Most users will be able to use Mothra from a standard Maven repository, such as Maven Central. The Mothra libraries may be accessed the following maven coordinates:
org.cert.netsa:mothra_2.12:1.6.0
If you are using Scala 2.11 (the default for most Spark 2 versions), Scala 2.12 with Spark 2, or Scala 2.13 with Spark 3, you will need the appropriate version of the artifact:
org.cert.netsa:mothra_spark-2_2.11:1.6.0
org.cert.netsa:mothra_spark-2_2.12:1.6.0
org.cert.netsa:mothra_2.13:1.6.0
This same change may be needed for other artifacts that you wish to use.
spark-shell
and spark-submit
examples
When running spark-shell
, you can specify additional
packages to use via the --packages
option. For
example, the following should work to load the Mothra libraries
(and demonstrate the available version):
$ spark-shell --packages "org.cert.netsa:mothra_2.12:1.6.0"
...
scala> org.cert.netsa.util.versionInfo("mothra")
Some(1.6.0)
The same technique can be used to specify dependencies for jar
files used in spark-submit
. For example:
$ spark-submit --packages "org.cert.netsa:mothra_2.12:1.6.0" some-job.jar
This would run the executable jar file some-job.jar
with Mothra and all of it dependencies fetched and added to the
job's classpath.
You may also retrieve tool wrappers for the Mothra packing tools
which automatically download the necessary libraries from Maven
Central. These wrappers are in the archive named
mothra-1.6.0-tools.tar.gz
, and are configured to run
on UNIX-style systems (including macOS and Linux.)

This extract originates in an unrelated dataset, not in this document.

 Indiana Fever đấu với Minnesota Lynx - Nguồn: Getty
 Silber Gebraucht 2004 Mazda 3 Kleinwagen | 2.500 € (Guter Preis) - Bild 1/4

The tool wrappers automatically download the needed artifacts into
your home directory when run (under
~/.cache/coursier
), then execute them in the JVM.
Files are always retrieved from Maven Central. If you need to use
a proxy not otherwise configured in your JVM, you can use the
JAVA_OPTS
environment variable to specify the
proxy using Java properties.
If for some reason you need to download files from a source other
than Maven Central (for example, an internal caching repository or
a local repository of known good packages), you can use Coursier
yourself to build bootstrap scripts that either fetch from your
own repository or build the jars directly ihto the script. See the
documentation for Coursier's cs bootstrap
command
for more details.
If you're using Jupyter notebooks, you may be able to configure additional external libraries on a per-notebook basis. The exact mechanism to use for this depends upon which Jupyter kernel you're using for Scala. Some likely methods are describe below.
In the Apache Toree kernel:
%AddDeps org.cert.netsa mothra_2.12 1.6.0
In the spylon kernel:
%%init_spark
launcher.packages = ["org.cert.netsa:mothra_2.12:1.6.0"]
In the Almond kernel:
import $ivy.`org.cert.netsa::mothra:1.6.0`
There are a variety of Jupyter kernels available, and these mechanisms can vary depending on version. Please make sure to check your Jupyter kernel's documentation for more details on how to configure additional external packages.
If you're using Apache Zeppelin, you should be able to configure it to load Mothra libraries using something like:
%dep z.load("org.cert.netsa:mothra_2.12:1.6.0")
As noted above for Jupyter, make sure to check documentation for the version of Zeppelin you're using to make sure the method has not changed.